**PROBLEM**
Here are the records. Write out exactly the lines between the one holding "Set montaj turbo FA1 KT418-502" and the one holding "Sedalia Coco Shine", inclusive.

PROVIDED INFORMATION Block Start

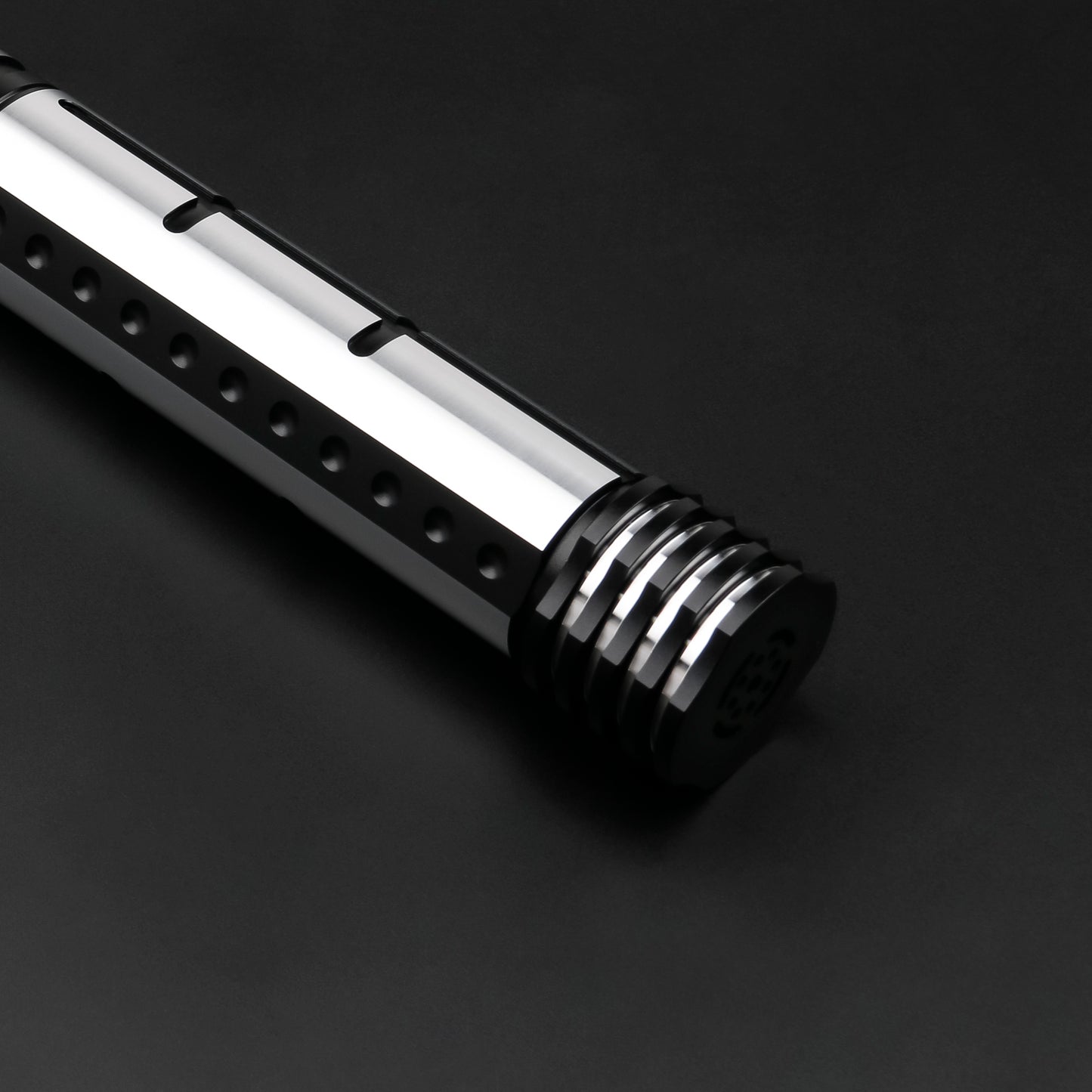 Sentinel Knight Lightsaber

PROVIDED INFORMATION Block End
PROVIDED INFORMATION Block Start

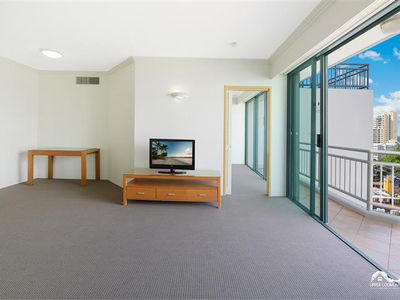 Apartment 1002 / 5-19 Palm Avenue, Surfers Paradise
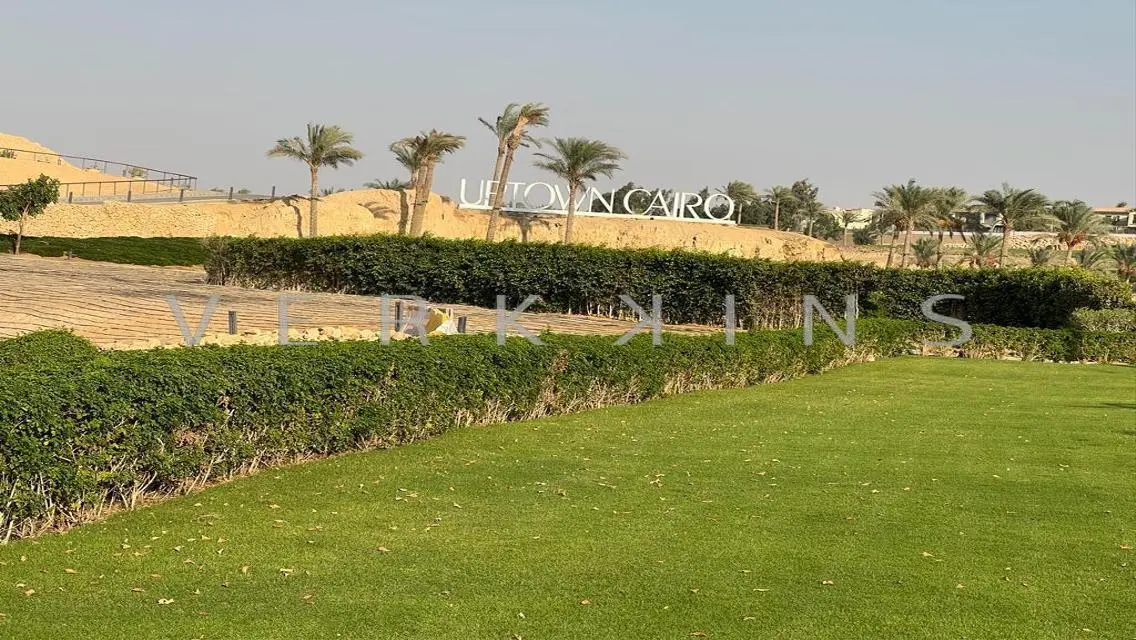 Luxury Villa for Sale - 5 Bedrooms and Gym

PROVIDED INFORMATION Block End
PROVIDED INFORMATION Block Start

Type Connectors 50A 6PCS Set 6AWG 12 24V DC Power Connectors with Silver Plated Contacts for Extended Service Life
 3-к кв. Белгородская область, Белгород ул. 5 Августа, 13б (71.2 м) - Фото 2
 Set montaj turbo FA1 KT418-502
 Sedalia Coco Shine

PROVIDED INFORMATION Block End

**OUTPUT FOR THIS TASK**
 Set montaj turbo FA1 KT418-502
 Sedalia Coco Shine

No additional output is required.